– А если он обедает в офисе? Или пойдет на ленч с коллегой? Вы всегда так работаете: ждете, выслеживаете и полагаетесь на удачу?
Мне пришлось признаться, что это основная часть занятия частного детектива.
– Давайте попробуем другой вариант. Как я сказал, Джексона я беру на себя. Прямо сейчас позвоню ему и назначу встречу, чтобы обсудить… сложившуюся ситуацию. Я не буду прямо ссылаться на сенатора, но, думаю, ему будет интересно.
– Вы подали мне интересную идею, – оживился я. – Уитмен Бертон руководит связями с общественностью комитета.

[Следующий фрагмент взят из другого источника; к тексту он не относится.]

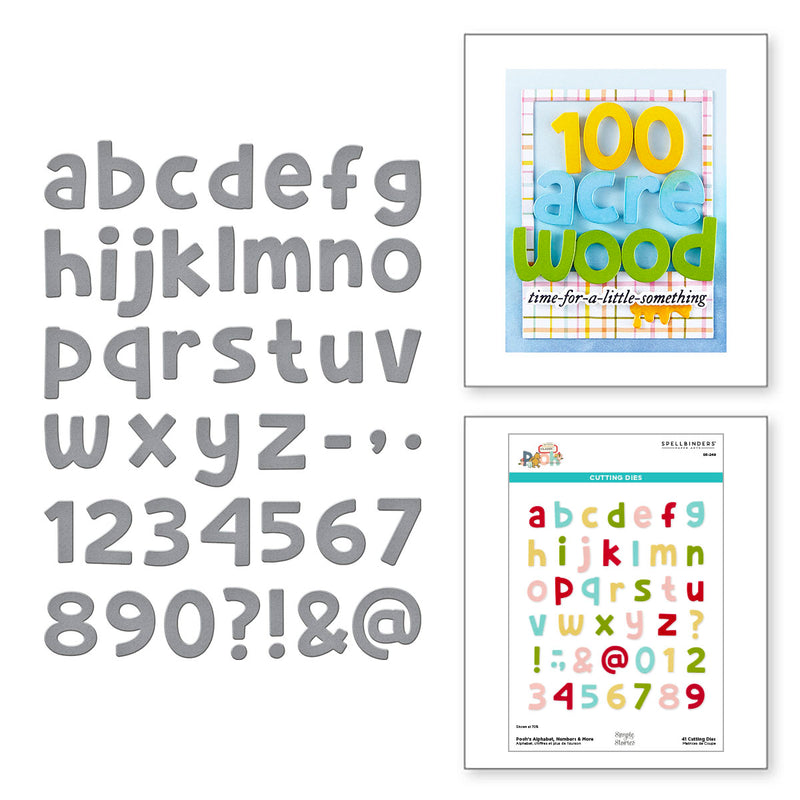 Spellbinders Etched Die Set - Pooh's Alphabet, Numbers and More, S6-249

Как вы думаете, возможно, его заинтересует встреча с журналистом из «Икземинера»?
– Дуглас, хочу вам напомнить, что сенатор говорил об участии прессы.
– Не беспокойтесь, никакого участия прессы не планируется. Я просто воспользуюсь помощью одного хорошего знакомого.
– Значит, берем свои задания? И поедем на разных машинах? И как мы потом встретимся и обменяемся данными?
– Предлагаю вам зайти в мой офис, скажем, после трех. Если у вас поменяются планы, оставьте сообщение в телефонной службе.
– Неплохой район, – задумчиво потеребил губу Мортон, изучая адрес на моей визитной карточке. – Кажется, мне уже нравится профессия частного детектива.
Мне не хотелось пользоваться телефоном в доме Роббенов или любом из принадлежащих им гостевых коттеджей (интересно, кстати, как выглядит жилище Мортона, может, архитектор построил его в виде швейцарского шале или русской избы), поэтому я выехал из поместья, вернулся к обычной городской цивилизации, нашел забегаловку с телефонной кабинкой и только тогда позвонил знакомому журналисту в «Икземинер».
Мне пришлось потратить немало времени и пятицентовиков, чтобы убедить Фреда Дормана пригласить пресс-секретаря комитета Уитмена Бертона на «важный разговор», причем самому на нем не присутствовать. Я также старался минимизировать информацию о деле, которым занимаюсь, и совсем не упоминать фамилию Роббен. Хотя я был уверен, что скоро журналисты обо всем пронюхают и без моей помощи.
В результате Фред перезвонил мне через четверть часа и сообщил, что Бертон будет ждать за столиком, заказанном на его, Фреда, имя, в половину второго в ресторане «Элизиум» на бульваре Уилшир.
– Ты специально выбрал самое дорогое заведение, которое вспомнил? – пожаловался я.
– Конечно. Ты же платишь. Мне кажется, Бертон и согласился только потому, что его ни разу не приглашали в подобные места. И помни – потом с тебя обед в том же ресторане, где ты расскажешь мне все подробности.
Я вспомнил, что так и не депонировал чек на текущие расходы, выписанный мне еще вчера Мортоном Джасперсом, и отправился в свой банк. Надо признать, счет из ресторана съест существенную часть этой суммы, так что мне, видимо, снова придется оправдываться перед сенатором.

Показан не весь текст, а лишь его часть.